In the first room right of the corridor, chief technician Johannes Hentschel worked at his machinery and installations; these were all supplied with the necessary electricity. I had known Hentschel for many years. He had been employed at the Reich Chancellery since 1933 and had a four-room flat there. He had had an important role in the building of the Führerbunker and was now responsible for the technical installations in the machinery room. Hannes, as I called him, knew the whole technology inside out. In the machinery room near the door was an emergency diesel generator with various pumps, which among other things kept the dressing station below the Reich Chancellery supplied with fresh water from a deep spring bored for the purpose.
Ten to twelve barrels of diesel oil were stacked near the air-conditioning plant. This could run for about a thousand hours and might also absorb battlefield gases sucked in. Once there was great alarm during a situation conference, when a kind of acrid burning smell was noticed, and the installation had to be shut down immediately. It turned out that Göring's car had been parked below an air intake, and the car, which used wood for fuel, had produced gases and vapours sucked in by the intake. During the last days in the bunker, the exhaust gases of the machinery created a kind of gymnasium fug, so that it fairly stank below.
Opposite the machinery room, on the left side, was the so-called wet room (a bathroom with toilets), and immediately adjoining Hentschel's machinery room was âmy' room, in which the telephone switchboard was installed. Instead of the fine telephone switchboard above, I now had this cell.

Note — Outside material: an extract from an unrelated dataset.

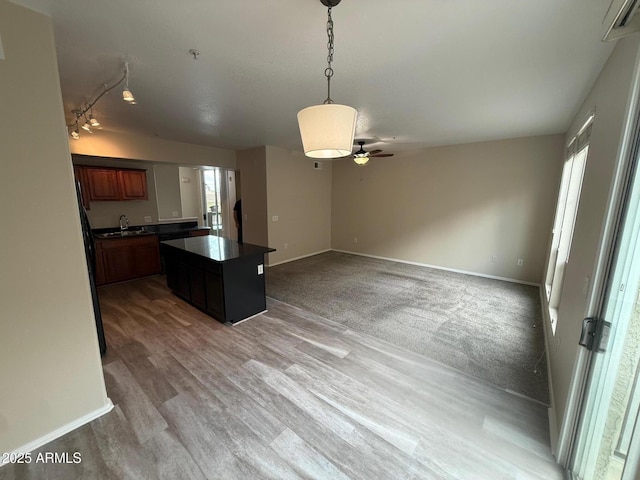 kitchen with a healthy amount of sunlight, dark countertops, a sink, and a center island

I had not previously operated this kind of switchboard, which was now occupying the deep bunker. I saw at once that it had plug connections. I sighed. Gone was the time with the modern Siemens unit and its many colourful buttons. Now it was plug and drop-flap again. The junction box on the wall was the size of a shoe-box. No suspicion whose bright idea this pitiful fitment was. It might have been all right for a small boarding house, but not for the Führerbunker at the Reich Chancellery. Obviously, nobody had thought that the underground telephone switchboard here might become the most important switching centre for reports. Calls rerouted from the main switchboard in the New Reich Chancellery to the Führerbunker telephone switchboard reached only five extensions. One telephone was in Hitler's private rooms, another in Professor Morell's room abutting the switchboard, and other extensions were with the valet Linge in his restroom and the guard. The fifth telephone was in the corridor.